Ben bir Özbek aydını ve yazarıyım. 1955 yılında Fergane ilinde doğdum. “Dünya Geniştir”, “Bu Yerin Adamı”, “Kuytudaki Kulübe”, “Bu Günler” adlı kitaplarım yanında “Beyaz Bina Akşamları”, “Leyli ve Mecnun” film senaryosu yazarıyım. Dünya edebiyatından Özbekçeye onlarca eser çevirdim. Anadolu Türkçesinden de birçok dini kitapları Özbek diline tercüme ettim.
2. İki yıl önce Türkiye’de yaşıyordunuz. Nedeni?
2011 yılının başlarında, “Bu Günler” adında ülkemizde bağımsızlıktan sonra yaşananları anlatan sosyal ve siyasi roman yazmaya başladım. Kitap 2013 ilkbaharında bitti. Bu romanım Özbekistan eski lideri İslam Kerimov yönetiminin milli ve dini değerlerimize karşı olan politikalarından bahsediyor. Yani kitabimde o dönemin zulüm, rüşvet, hırsızlık, yalan ve baskı politikalarını ifşa etmiştim.
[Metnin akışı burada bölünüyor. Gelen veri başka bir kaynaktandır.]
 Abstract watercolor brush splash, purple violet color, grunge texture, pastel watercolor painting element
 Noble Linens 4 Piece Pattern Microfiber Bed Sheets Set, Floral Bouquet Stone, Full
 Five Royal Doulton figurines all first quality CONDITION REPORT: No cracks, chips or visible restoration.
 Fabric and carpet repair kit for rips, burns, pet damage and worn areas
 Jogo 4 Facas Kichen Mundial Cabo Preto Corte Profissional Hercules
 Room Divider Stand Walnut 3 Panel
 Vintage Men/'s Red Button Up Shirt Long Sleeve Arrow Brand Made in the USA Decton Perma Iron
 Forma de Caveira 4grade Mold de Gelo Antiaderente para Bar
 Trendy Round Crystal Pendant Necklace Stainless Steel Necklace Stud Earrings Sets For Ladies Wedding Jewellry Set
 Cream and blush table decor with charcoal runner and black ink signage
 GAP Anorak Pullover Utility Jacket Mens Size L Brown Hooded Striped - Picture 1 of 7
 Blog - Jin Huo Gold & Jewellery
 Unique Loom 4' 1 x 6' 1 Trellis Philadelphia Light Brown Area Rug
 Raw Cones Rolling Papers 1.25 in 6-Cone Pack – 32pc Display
Ülkemizin ekonomik, politik ve manevi yönden bir çıkmaza sürüklendiğini delillerle ortaya koymuştum.
İslam Kerimov oluşturduğu otoriter rejimin böylesine keskin bir eleştiriyi kabul etmemesi doğal idi. Bu yüzden iki sene Türkiye’de yaşadım.
2016 yılında İslam Kerimov öldü. Onun yerine eski Başbakan Şevket Mirziyayev devlet başkanı oldu. Özbekistan’da politik ortam yumuşamaya başladı. Çeşitli alanlarda reformlar ilan edildi. Yeni Cumhurbaşkan baskıyı kaldırma ve ekonomiyi geliştirme sözü verdi. Özbeklerde değişim umudu uyandı. 2017 Eylül ayının sonunda ülkemdeki reformlara katkıda bulunmak amacıyla vatanıma geri döndüm.
3. Türkiye’den ayrıldıktan sonra, Özbekistan havalimanında gözaltına alındınız ve beş gün hapishanede kaldınız. Eski cumhurbaşkanı öldükten sonra yeni yönetim baskıları kaldırmaya başladığına göre, sizi niye tutukladılar?
Bu yeni dönemin çelişkileri sonucu diyebiliriz. Politik değişimler toplumun talepleri ile değil, yönetimin girişimiyle başlatıldığında böyle durum ortaya çıkabilir. Yani yeni yönetim hızlı reformlara el atmak ister, ancak toplum tabanı buna halen hazır değildir. Özellikle, Kerimov döneminin eski seçkin kadroları küçük bir değişimi bile istemiyorlar. Çünkü olumlu değişim politikaları onların kirli yönetimini ifşa edebilir. Yanı ben Özbekistan’a geri döndüğümde yeni reformcu yönetim ile buna karşı olan eski rejim kadroları çatışmasının ilk kurbanı olmuştum.
4.Hapis günlerini nasıl geçirdiniz? Size çok ciddi, yani anayasal düzeni yıkma suçlaması yönetilmesine rağmen kısa süre sonra serbest bırakıldınız? Bunu nasıl açıklarsınız?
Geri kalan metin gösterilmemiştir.